PARENTAGE AND CHILDHOOD.
Mary Louisa Whately came of a distinguished family. Her father, Dr. Richard Whately, for many years Archbishop of Dublin, was one of the most remarkable and prominent men of the first half of the nineteenth century, a voluminous writer, a strenuous thinker, and a statesmanlike ecclesiastic. Her mother, Elizabeth, daughter of Mr. W. Pope of Uxbridge, was, says Miss E.J. Whately, a woman of “grace and dignity of character, delicacy of mind and sensitive refinement, which were united with high powers of intellect and mental cultivation and a thirst for knowledge seldom exceeded.” [1] She was an ardent Christian, and devoted herself to works of beneficence and Christian service among the poor, as far as her delicate health would allow.
[Footnote 1: Life of Archbishop Whately, by his daughter, vol. 1. p. 43.]

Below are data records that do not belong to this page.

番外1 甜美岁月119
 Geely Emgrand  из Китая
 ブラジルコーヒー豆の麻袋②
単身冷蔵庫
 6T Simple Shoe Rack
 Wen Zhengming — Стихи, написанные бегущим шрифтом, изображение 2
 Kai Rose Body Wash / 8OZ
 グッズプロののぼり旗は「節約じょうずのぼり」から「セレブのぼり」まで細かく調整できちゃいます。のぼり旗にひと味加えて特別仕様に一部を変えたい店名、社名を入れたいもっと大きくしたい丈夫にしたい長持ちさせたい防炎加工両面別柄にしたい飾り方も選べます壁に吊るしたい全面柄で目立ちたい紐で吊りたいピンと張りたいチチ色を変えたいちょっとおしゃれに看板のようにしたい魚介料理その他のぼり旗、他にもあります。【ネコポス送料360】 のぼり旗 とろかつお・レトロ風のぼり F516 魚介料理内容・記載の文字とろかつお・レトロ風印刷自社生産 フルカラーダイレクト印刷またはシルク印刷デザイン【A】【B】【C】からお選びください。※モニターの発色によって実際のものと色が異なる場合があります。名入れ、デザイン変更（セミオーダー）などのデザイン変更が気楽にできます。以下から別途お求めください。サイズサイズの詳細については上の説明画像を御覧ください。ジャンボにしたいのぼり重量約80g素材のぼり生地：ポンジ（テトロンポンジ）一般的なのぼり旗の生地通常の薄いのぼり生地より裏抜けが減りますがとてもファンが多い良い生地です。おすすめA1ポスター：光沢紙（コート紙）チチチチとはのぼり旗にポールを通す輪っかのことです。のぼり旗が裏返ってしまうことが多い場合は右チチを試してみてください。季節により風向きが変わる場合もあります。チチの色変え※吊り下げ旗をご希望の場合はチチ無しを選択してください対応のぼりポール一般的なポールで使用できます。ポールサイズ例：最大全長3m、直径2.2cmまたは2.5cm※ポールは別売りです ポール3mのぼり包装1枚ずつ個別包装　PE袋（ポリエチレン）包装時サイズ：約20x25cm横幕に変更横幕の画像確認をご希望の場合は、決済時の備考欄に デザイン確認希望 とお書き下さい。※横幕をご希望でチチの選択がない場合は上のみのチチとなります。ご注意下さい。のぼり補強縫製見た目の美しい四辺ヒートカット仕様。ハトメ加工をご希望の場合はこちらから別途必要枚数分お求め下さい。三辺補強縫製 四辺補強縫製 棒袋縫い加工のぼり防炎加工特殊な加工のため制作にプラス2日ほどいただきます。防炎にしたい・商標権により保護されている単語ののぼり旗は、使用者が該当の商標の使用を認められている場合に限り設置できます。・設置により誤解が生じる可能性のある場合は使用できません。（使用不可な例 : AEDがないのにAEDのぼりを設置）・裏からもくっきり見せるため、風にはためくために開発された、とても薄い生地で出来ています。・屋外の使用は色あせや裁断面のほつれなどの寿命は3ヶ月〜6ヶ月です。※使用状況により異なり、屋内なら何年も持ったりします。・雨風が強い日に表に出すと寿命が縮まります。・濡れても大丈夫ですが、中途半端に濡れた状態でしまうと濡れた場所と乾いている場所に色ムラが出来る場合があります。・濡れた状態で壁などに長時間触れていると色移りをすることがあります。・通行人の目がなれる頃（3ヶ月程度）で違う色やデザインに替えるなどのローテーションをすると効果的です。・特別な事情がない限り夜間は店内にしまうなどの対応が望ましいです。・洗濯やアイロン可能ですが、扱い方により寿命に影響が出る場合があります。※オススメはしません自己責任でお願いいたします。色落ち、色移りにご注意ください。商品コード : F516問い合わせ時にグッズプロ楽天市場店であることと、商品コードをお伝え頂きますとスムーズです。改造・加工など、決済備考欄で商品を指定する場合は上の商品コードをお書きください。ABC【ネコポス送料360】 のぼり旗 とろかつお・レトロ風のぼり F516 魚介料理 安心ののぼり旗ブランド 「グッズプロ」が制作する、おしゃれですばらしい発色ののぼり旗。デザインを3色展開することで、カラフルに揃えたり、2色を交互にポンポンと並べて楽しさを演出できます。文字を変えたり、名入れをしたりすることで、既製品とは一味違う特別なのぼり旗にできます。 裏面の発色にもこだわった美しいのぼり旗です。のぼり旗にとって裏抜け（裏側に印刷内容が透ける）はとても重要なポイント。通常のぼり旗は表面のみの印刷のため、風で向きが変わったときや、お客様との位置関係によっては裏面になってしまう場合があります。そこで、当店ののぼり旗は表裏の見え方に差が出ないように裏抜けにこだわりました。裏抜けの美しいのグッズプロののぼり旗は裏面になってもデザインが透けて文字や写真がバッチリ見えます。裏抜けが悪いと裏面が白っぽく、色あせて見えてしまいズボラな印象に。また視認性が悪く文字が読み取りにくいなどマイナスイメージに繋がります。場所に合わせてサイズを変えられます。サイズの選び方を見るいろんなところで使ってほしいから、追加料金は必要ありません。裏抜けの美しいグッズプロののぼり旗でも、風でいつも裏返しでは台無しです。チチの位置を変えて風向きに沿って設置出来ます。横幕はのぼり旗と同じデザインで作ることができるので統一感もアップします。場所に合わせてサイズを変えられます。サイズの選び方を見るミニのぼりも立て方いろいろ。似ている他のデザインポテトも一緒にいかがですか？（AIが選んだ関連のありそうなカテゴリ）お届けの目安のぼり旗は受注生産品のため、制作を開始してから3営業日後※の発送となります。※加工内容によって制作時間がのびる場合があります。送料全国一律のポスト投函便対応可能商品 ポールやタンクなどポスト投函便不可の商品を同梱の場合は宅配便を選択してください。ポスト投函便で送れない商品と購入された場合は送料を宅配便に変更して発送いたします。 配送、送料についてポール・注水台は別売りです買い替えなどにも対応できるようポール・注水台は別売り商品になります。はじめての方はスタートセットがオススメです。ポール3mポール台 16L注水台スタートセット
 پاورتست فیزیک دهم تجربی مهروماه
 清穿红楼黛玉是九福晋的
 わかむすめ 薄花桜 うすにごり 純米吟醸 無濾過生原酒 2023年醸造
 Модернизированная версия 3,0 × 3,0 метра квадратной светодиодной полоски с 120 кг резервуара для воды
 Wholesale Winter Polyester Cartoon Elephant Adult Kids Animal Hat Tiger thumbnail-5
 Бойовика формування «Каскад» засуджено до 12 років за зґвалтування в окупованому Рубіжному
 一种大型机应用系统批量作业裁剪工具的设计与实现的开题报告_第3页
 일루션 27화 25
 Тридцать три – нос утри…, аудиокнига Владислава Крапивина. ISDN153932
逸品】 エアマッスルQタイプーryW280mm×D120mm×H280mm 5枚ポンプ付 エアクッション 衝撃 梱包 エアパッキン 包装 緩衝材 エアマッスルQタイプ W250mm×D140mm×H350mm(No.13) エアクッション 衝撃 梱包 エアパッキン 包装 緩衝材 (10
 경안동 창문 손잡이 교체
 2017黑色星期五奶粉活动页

Mary was born at Halesworth in Suffolk, of which parish her father was then the rector, on August 31, 1824. The following year her father was appointed Principal of St. Alban Hall, and removed with his family to Oxford. In 1831 he accepted the Archbishopric of Dublin, and thus at the age of seven Dublin became, what it remained for thirty years, Mary Whately’s home. She was the third of a family of five, four girls and one boy, who all inherited something of their mother’s delicacy of constitution and a good share of their father’s strength of intellect and character. They were near enough to each other in age to share one another’s studies and games, and, living a very retired life, depended largely on each other for companionship. For a portion of the year they resided in the archiepiscopal palace in Dublin. But on account of the many social demands made on him in the city, the place became distasteful to Dr. Whately, and he engaged a charming country residence called Redesdale, some four or five miles out of town. Here he resided the larger portion of the year, living a quieter life than was possible in the city, and driving into Dublin on most mornings to attend to his official duties. In the intervals of study and the discharge of public duty he devoted himself to his garden, in the cultivation of which he displayed much skill and ingenuity. Redesdale was the children’s home, though the life there was occasionally varied by a stay in London (where their father usually spent a few weeks each spring to attend the House of Lords), at Tunbridge Wells, where they had relatives, or at the seaside, and later by visits to the Continent.